Son père disait: « Just watch me ! », c'est resté ( sinistrement ) célèbre. On « watche » Justin, et on est ( disons-le ) très franchement soulagé qu'il ne veuille que « change the world » qu'un « little bit », chaque jour, en déposant en sol canadien les précieuses matières premières de sa pensée. Il y a là, par la fertilisation qu'il fait, en train ou en avion, de nos vastes contrées, un don gratuit de sa personne qui épate le badaud ( horriblement nationaliste ) que je suis...

* Pierre-Elliot Trudeau, Premier ministre libéral du Canada de 1968 à 1984, sauf un très court passage, en 1979, qu'il a fait sur les banquettes de l'opposition...

** L'image est empruntée et adaptée; mais elle est, en fait, de Napoléon, qui avait ainsi dessiné, d'un trait saisissant de justesse, le prince de Talleyrand...








mercredi 2 novembre 2011

LE MYTHE TRUDEAU




Je viens, tout en mangeant, d’écouter le Club des ex, qui dénonçait ( disons ) le virage monarchique, guerrier et unilingue du gouvernement Harper. Par comparaison, le même club magnifiait ( comme de juste ) l’héritage Trudeau, ce bilinguisme prétendument rigoureux, qu’aurait respecté par la suite le gouvernent Mulroney.

La blague est bonne. Parce que le gouvernement Trudeau n’a jamais appliqué un bilinguisme intégral, jamais. Souvenez-vous de la crise des gens de l’air, ces pilotes qui voulaient pouvoir travailler en français chez le transporteur national: Trudeau avait reculé face à Air Canada, comme il a reculé devant la fronde des fonctionnaires fédéraux unilingues. En fait, les services bilingues, assurés par l’État fédéral, sont rigoureusement... limités.  Souvenez-vous, surtout, de cette clause légale et constitutionnelle, parfaitement odieuse, dite du «là où le nombre le justifie», qui s’applique à toutes les provinces, sauf au Québec, ce qui leur permet de restreindre considérablement l’obligation qui leur est faite d’assurer le bilinguisme scolaire. Seul le Québec a l’obligation de fournir des services scolaires en anglais, partout sur son territoire, sans égard à la clause du «nombre qui le justifie». Le scandale reste énorme, l’injustice, criante.

( Par ailleurs, l’idée même d’un Canada davantage pacifiste durant l’ère Trudeau fait franchement sourire. Il y avait les mots, c’est vrai. Il y avait le « Viva Cuba, Viva Castro », c’est vrai.

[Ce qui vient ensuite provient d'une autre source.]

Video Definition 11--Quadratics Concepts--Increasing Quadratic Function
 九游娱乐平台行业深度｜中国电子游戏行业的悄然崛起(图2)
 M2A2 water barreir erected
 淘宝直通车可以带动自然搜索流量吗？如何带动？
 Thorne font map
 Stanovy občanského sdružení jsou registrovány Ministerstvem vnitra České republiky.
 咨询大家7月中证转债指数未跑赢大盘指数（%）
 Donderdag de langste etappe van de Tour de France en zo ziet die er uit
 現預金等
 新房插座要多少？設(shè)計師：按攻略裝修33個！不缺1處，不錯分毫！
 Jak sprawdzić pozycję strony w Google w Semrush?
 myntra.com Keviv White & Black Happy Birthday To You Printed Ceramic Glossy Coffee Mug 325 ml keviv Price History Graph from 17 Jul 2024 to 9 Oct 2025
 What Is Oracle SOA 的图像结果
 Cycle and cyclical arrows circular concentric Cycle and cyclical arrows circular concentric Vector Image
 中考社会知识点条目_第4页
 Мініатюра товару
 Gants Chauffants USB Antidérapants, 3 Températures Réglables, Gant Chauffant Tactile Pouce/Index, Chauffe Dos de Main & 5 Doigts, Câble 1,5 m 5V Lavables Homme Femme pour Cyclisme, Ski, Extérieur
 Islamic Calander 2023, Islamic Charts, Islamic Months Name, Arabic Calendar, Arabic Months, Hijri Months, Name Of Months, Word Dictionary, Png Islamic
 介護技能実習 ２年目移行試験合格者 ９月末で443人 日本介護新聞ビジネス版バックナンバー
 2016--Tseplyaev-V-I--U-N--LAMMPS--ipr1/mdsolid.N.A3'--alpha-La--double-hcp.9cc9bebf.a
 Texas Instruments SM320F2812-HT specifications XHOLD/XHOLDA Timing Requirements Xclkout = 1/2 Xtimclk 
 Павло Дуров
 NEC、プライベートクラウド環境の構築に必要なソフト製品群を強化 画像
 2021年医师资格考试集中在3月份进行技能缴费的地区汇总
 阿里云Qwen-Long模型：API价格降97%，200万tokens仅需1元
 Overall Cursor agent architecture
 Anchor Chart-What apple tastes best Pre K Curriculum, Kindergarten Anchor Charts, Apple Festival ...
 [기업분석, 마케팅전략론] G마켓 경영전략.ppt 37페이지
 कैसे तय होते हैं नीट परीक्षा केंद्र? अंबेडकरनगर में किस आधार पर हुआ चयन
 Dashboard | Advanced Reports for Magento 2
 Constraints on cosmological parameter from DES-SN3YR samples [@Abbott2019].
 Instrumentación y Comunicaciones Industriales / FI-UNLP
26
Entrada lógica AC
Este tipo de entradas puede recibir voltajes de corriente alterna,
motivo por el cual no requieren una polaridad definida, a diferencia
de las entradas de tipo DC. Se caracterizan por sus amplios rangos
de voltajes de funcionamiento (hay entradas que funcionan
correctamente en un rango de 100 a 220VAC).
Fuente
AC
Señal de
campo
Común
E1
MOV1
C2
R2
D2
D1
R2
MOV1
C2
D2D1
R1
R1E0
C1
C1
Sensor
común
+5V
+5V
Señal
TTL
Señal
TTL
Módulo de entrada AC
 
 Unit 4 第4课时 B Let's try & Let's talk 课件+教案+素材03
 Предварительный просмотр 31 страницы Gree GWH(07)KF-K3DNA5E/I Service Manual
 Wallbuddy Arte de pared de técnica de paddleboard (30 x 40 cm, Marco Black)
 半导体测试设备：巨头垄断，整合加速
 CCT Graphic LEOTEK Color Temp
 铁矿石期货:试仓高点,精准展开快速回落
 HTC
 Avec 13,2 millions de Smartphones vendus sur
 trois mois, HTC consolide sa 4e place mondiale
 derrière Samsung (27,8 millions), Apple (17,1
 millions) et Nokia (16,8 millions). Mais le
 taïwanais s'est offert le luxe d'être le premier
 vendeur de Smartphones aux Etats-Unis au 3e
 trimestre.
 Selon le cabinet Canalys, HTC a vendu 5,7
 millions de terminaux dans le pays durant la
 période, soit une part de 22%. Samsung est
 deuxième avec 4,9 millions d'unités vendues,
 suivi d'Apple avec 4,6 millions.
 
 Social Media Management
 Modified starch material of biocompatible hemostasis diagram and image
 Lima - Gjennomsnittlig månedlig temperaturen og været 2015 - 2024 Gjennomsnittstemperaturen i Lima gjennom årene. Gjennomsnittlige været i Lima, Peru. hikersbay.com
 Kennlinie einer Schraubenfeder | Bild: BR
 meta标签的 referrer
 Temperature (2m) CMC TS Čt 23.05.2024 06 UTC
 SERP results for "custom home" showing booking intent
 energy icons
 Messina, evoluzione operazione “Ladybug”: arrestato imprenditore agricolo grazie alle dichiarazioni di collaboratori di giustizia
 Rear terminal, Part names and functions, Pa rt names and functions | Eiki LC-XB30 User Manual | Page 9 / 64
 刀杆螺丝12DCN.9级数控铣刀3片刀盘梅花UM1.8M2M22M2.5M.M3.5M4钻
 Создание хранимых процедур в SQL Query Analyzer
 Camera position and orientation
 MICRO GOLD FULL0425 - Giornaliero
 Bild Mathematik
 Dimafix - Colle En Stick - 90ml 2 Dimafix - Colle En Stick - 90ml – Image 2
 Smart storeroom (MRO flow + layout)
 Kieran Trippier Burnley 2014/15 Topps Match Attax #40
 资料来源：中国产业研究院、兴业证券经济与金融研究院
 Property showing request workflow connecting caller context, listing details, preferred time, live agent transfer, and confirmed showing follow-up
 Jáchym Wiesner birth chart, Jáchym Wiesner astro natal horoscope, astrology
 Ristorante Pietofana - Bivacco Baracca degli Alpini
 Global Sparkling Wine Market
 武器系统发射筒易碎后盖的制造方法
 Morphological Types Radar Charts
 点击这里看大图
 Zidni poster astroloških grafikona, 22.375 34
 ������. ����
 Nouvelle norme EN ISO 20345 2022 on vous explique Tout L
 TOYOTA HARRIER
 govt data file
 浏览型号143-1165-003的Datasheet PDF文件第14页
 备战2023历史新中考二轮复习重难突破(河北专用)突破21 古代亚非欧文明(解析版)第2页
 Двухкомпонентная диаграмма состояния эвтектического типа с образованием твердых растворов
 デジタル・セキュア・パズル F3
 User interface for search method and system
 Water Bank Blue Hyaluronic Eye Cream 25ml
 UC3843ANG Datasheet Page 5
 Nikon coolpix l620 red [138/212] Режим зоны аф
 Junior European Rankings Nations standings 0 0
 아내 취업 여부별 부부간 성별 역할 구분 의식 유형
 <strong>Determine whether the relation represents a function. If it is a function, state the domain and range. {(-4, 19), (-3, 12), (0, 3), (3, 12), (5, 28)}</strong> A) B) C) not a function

Mais qui, mais qui donc, pourtant, a autorisé, sur le territoire canadien même, l’essai des missiles Cruise, puissamment souhaité par l’administration Reagan ? L’Alberta en entend encore les sifflements ! Et ce n'est là qu'un exemple. )

Mulroney, c’est exact ( et Chantal Hébert l’a quelques fois rappelé, ) a tenté, avec l’Entente du Lac Meech, de traduire la réalité québécoise dans la constitution, juste contrepoids à la clause du « là où le nombre le justifie. » On sait tous comment nos compatriotes du Canada anglais ont pulvérisé l’Entente, guidé en cela par M. Trudeau lui-même. Cependant, M. Mulroney était parfaitement capable, lui aussi, de prendre ses libertés face à la loi sur les langues officielles, et face aux obligations découlant de la constitution canadienne elle-même. Il a nommé, par exemple, un gouverneur général, Ray Hnatyshyn, qui ne disait pas un mot de français. Aux journalistes qui s’étonnaient, M. Mulroney avait répondu que « c’était la valeur de l’homme qui comptait. » Et voilà pour le sacro-saint principe !

On a vraiment la mémoire courte. On aime entretenir des mythes. Celui de l’héritage intangible de M. Trudeau en est un, joyeusement mensonger. Mais quand on est bien élevé, ( et un peu aliéné, ) ce sont des choses qu’il est préférable de ne pas dire — ou même d’écrire.